La literatura de la inmediata posguerra, con las obras de Camilo José Cela, Miguel Delibes, Carmen Laforet, Blas de Otero y otros, creó un perfil crítico de la sociedad de entonces que formaba el techo cultural de momento. De esto se habla poco en el libro, de hecho se menciona un artículo periodístico de Javier Cercas de 2002, atribuyéndole el análisis del Pascual Duarte celiano como una obra prorrégimen, idea ya expuesta por la crítica con mucha anterioridad. Por ello, la segunda palabra, «cultura», como dije antes, figura en el título con un sentido impreciso, porque en realidad no habla de cultura con k, como dijo Ortega, sino de la relación de las personas con la vida cultural, vista desde la perspectiva del temor experimentado por los agentes culturales que operaron dentro del franquismo. Aquí no encontrará el lector análisis de las obras de Ortega, por ejemplo, donde se vea la relación existente entre esa obra y el fascismo o el franquismo. O dicho de otro modo, no se estudian las obras por cómo las influyó el fascismo. De lo que se trata es más de comentar las actitudes, las defensas o ataques a los programas o propuestas franquistas de crear una cultura ortodoxa. En verdad, todas las propuestas hechas para crear una literatura franquista fracasaron, y así lo expone el libro, mientras que la resistencia silenciosa, la creciente contra el franquismo, fue aumentando hasta que en un determinado momento se unió a la mantenida fuera, lo que permitió que los exiliados y los que vivieron dentro pudieran volver a operar integrados en un mismo campo cultural. Pero esa resistencia silenciosa fue llevada a cabo por los escritores y los activistas políticos también, que no siempre son los intelectuales aquí estudiados.

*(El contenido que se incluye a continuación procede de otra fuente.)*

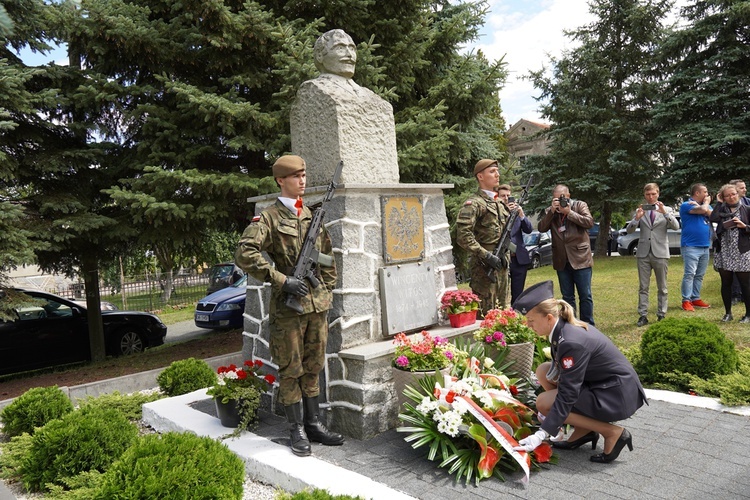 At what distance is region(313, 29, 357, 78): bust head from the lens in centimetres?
471

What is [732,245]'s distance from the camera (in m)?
6.85

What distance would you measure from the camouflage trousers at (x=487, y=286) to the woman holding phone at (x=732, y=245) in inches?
137

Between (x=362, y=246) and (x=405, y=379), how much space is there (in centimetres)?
112

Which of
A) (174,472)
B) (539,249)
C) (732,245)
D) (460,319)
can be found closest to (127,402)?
(174,472)

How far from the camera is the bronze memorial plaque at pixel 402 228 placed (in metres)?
4.47

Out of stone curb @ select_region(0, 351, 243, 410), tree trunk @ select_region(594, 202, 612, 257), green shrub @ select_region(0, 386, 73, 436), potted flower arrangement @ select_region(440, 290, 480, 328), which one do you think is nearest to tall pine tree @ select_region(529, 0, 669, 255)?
tree trunk @ select_region(594, 202, 612, 257)

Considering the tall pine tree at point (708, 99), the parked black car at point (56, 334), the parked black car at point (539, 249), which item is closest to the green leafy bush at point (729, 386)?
the parked black car at point (56, 334)

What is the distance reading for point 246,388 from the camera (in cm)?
423

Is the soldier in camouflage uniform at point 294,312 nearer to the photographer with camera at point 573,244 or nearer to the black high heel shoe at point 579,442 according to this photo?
the black high heel shoe at point 579,442

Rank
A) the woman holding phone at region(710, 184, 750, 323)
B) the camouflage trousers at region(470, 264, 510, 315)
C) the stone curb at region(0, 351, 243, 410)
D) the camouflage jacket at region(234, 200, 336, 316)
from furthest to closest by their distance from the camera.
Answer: the woman holding phone at region(710, 184, 750, 323) → the stone curb at region(0, 351, 243, 410) → the camouflage trousers at region(470, 264, 510, 315) → the camouflage jacket at region(234, 200, 336, 316)

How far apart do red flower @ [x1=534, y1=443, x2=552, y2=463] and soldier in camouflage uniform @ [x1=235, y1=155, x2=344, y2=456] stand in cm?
140

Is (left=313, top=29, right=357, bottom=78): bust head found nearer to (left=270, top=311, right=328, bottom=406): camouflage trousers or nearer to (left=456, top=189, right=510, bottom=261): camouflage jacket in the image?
(left=456, top=189, right=510, bottom=261): camouflage jacket

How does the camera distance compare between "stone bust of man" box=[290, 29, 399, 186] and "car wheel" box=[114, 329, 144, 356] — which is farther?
"car wheel" box=[114, 329, 144, 356]

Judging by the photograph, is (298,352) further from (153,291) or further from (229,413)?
(153,291) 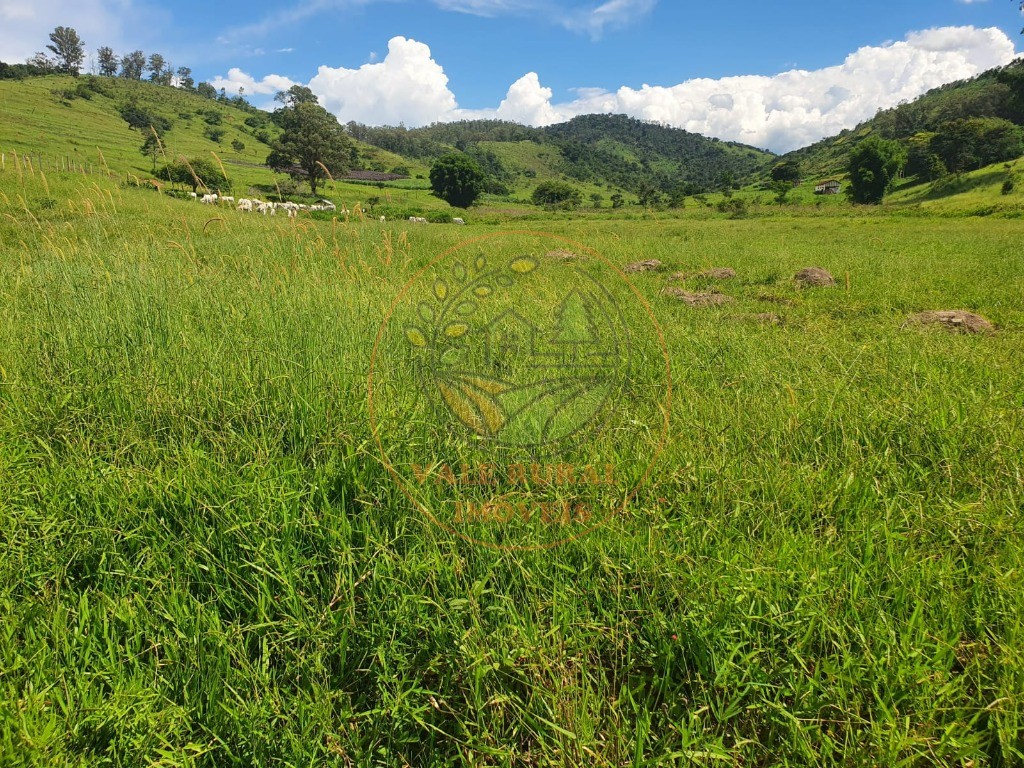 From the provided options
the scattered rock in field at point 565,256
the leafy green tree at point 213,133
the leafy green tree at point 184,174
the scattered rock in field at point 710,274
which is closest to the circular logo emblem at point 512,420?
the scattered rock in field at point 565,256

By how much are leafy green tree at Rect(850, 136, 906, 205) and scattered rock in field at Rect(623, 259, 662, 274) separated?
64.9 m

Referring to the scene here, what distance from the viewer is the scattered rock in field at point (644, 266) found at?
30.8 feet

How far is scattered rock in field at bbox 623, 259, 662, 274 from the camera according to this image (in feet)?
30.8

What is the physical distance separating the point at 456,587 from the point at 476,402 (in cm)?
103

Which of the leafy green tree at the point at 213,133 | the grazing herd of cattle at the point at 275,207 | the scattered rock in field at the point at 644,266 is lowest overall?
the scattered rock in field at the point at 644,266

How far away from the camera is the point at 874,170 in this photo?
193 feet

La denigrante posición en que se vieron sumidos los intelectuales españoles bajo el franquismo fue sobrevivida mediante los apoyos que proveían las tertulias, la literatura progresista, los grupos de amigos y lo que se decía entre líneas. Hay diferentes etapas del franquismo claramente discernibles. La de la guerra y la inmediata posguerra, dura, cruel, en que los escritores padecieron el síndrome de Estocolmo. Cuando Gracia aborda la posición de Jorge Guillén en la guerra se relatan, y lo hace con tiento y mesura, sus relaciones con la causa nacional mientras vivía en la España de Franco, y los temores de su amigo Pedro Salinas, que estaba a salvo en USA, de que Guillén se hubiera pasado de bando. El denominado síndrome de Estocolmo, que afecta a quienes son cogidos prisioneros y que lleva a las víctimas a simpatizar con sus verdugos, pienso que explica la situación guillenesca. Una cosa era pasearse por Middelbury College en Vermont y otra muy distinta vivir en la Sevilla del conflicto, rodeado de las insignias y la propaganda del franquismo, modesto seguidor en este aspecto del fascismo, que a tan altas cotas supo elevar la simbología nazi que aún hoy exhiben locos y fanáticos de cencerro. Puedo imaginar, en parte porque lo viví mucho después, el terror que despertarían en ciertas personas los símbolos del poder del primer franquismo, sotanas, insignias, botas, disparos, miradas conminatorias, censuras varias, etcétera. Dionisio Ridruejo me habló mil y una veces de esta cultura del miedo en Austin (Texas), ya que él también la había padecido, aun siendo el más convencido de la necesidad, por un breve período de su vida, de un estado fascista.

Nada de lo dicho resta valor al libro, únicamente indica dos salvedades. La necesidad de recuperar las particularidades y pequeñez del franquismo puro y duro sin diluirlas en fascismo como epidemia vírica, porque enlaza mejor con la cultura popular aflamencada de la época, y con la resistencia silenciosa de los escritores, como Carmen Laforet y su Nada, que complementa y amplifica la llevada a cabo por los intelectuales. Son dos maneras complementarias de preocuparse por la realidad.